> _Exercise instructions_:
Below is a listing; retype exactly the line with "San Antonio Skyline" and every line after it through the end, and only those, leaving out the pictures.

> _Raw data_:
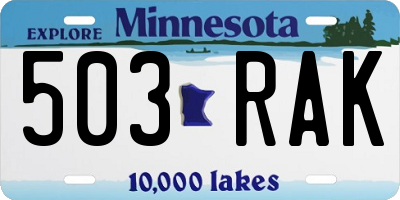 MN license plate 503RAK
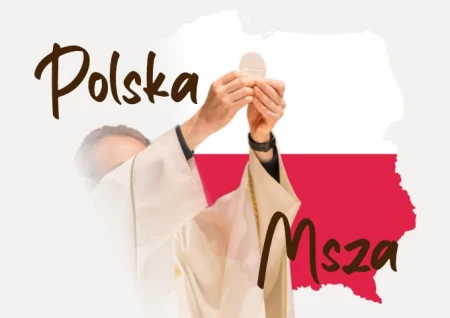 Elevation of the Eucharistic Bread against a background of the outline of Poland in the colours of the national flag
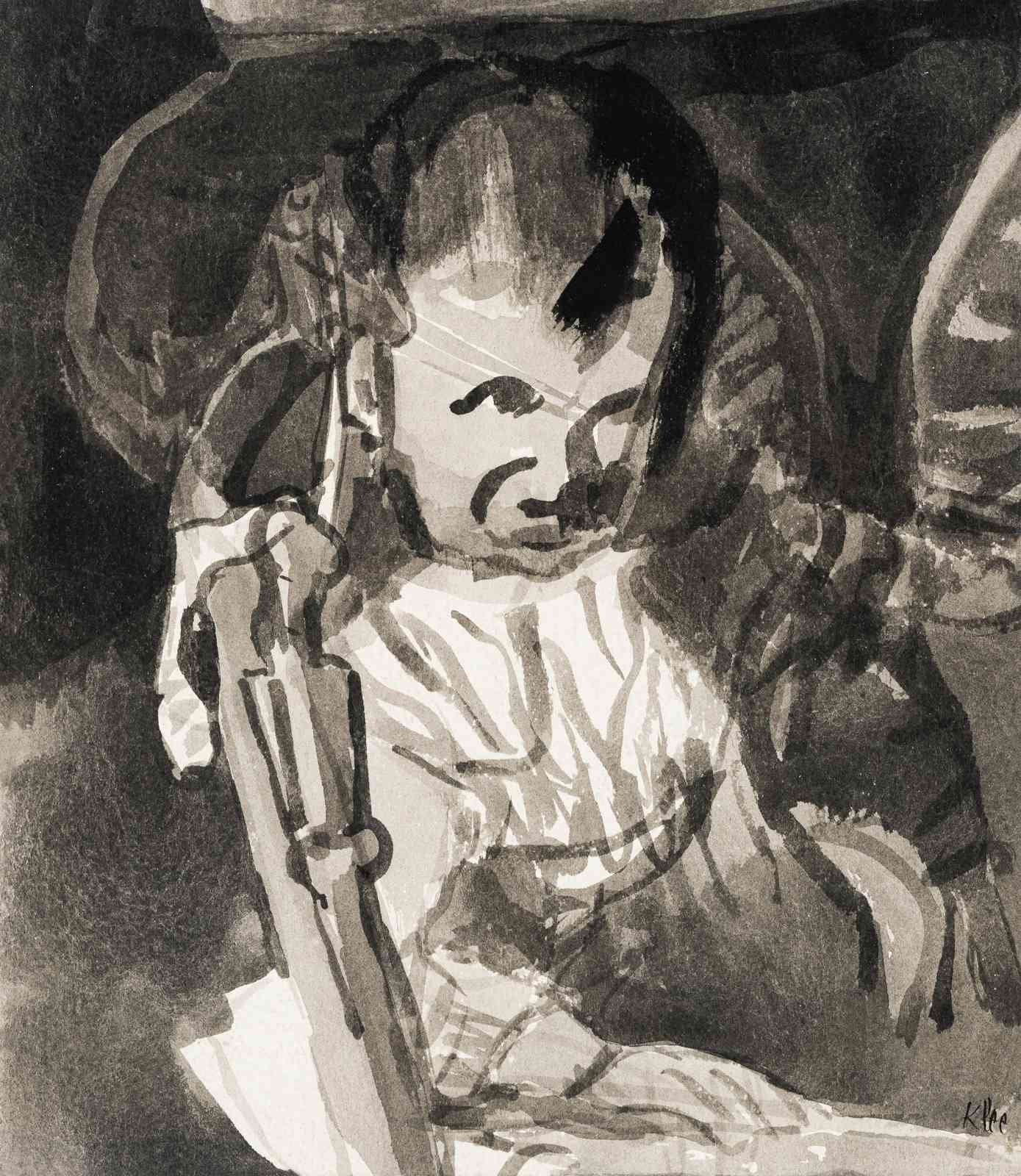 Thoughtful Portrait Sketch Wall Art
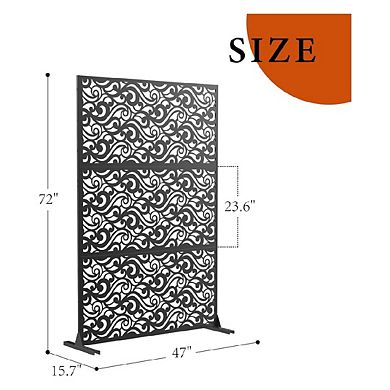 Metal Privacy Screen for Outdoor & Indoor Use, Free Standing Privacy Screen for Garden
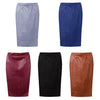 Europe Sexy Women Skirt PU Leather Solid Color Midi Pencil Skirts OL Casual Slim Clubwear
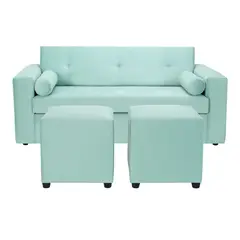 BODEVIR - Sofa Vivo 3C+2 Pouf Felpa 30 Verde Agua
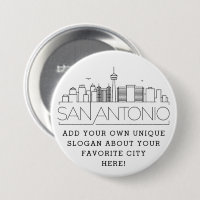 San Antonio Skyline | Anpassningsbar Slogan Button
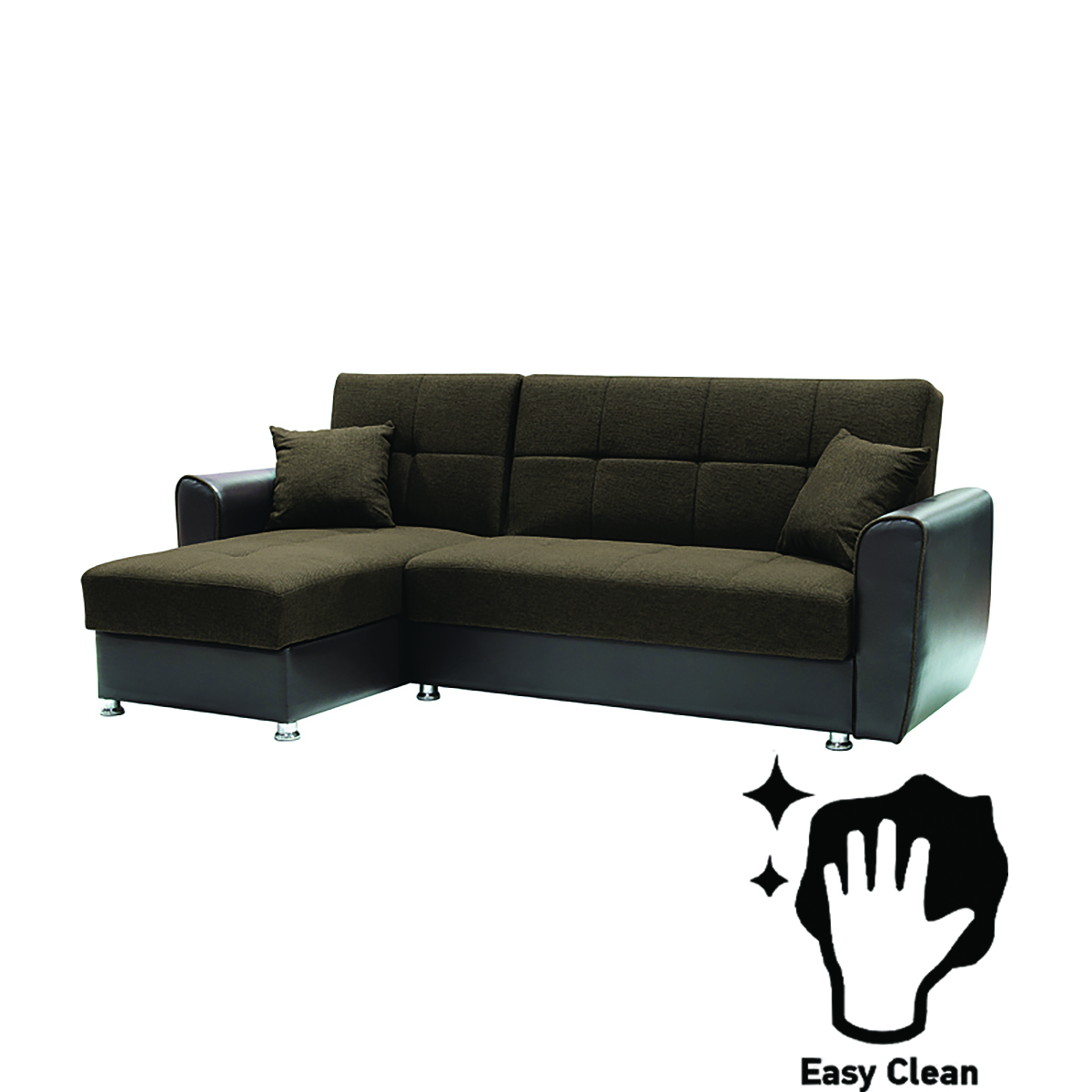 Καναπές γωνιακός vera καφέ ύφασμα με τεχνόδερμα καφέ 240*146*85 - Image 2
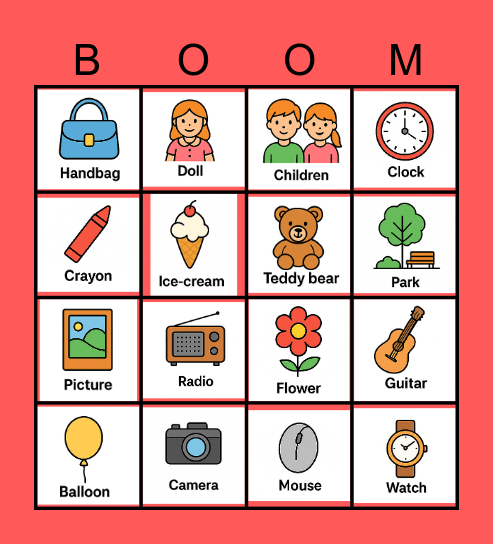 Objects and People Bingo Card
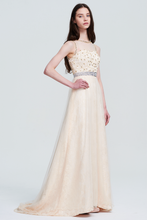 Ivory Sleeveless Beaded Prom Dress - Tulle Maxi Gown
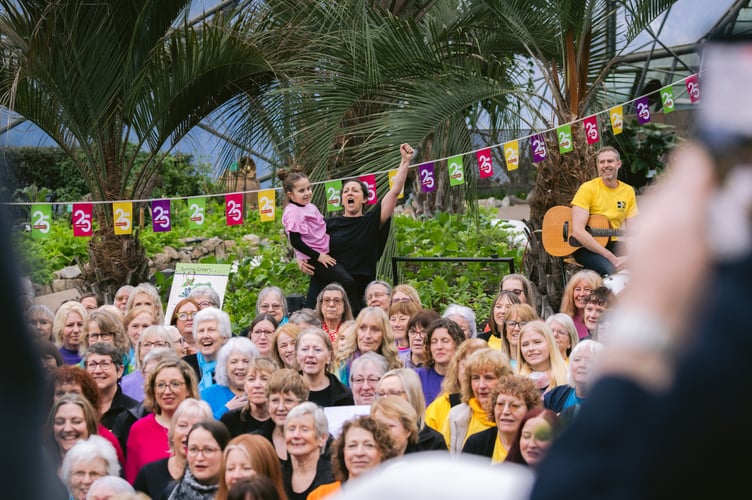 Festivities began with an unforgettable performance from a 300‑strong choir, bringing together singers from 16 community groups across Cornwall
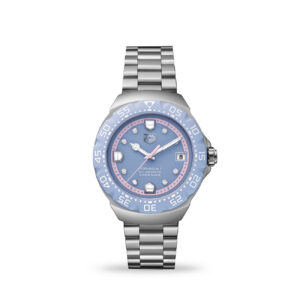 TAG Heuer Formula 1 Solargraph 38mm watch with pastel blue TH-Polylight case, blue dial with pink flange, and steel bracelet
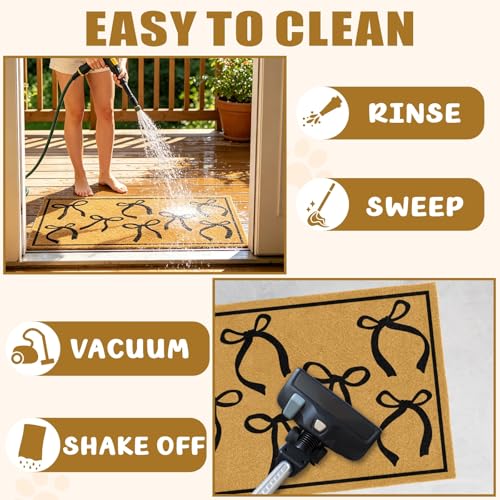Coir Mats Welcome Mat Front Door Black Bow Rug for Outdoor Entrance 17"x30" - color: Coir Black Bowtie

> _Finished task_:
 San Antonio Skyline | Anpassningsbar Slogan Button
 Καναπές γωνιακός vera καφέ ύφασμα με τεχνόδερμα καφέ 240*146*85 - Image 2
 Objects and People Bingo Card
 Ivory Sleeveless Beaded Prom Dress - Tulle Maxi Gown
 Festivities began with an unforgettable performance from a 300‑strong choir, bringing together singers from 16 community groups across Cornwall
 TAG Heuer Formula 1 Solargraph 38mm watch with pastel blue TH-Polylight case, blue dial with pink flange, and steel bracelet
Coir Mats Welcome Mat Front Door Black Bow Rug for Outdoor Entrance 17"x30" - color: Coir Black Bowtie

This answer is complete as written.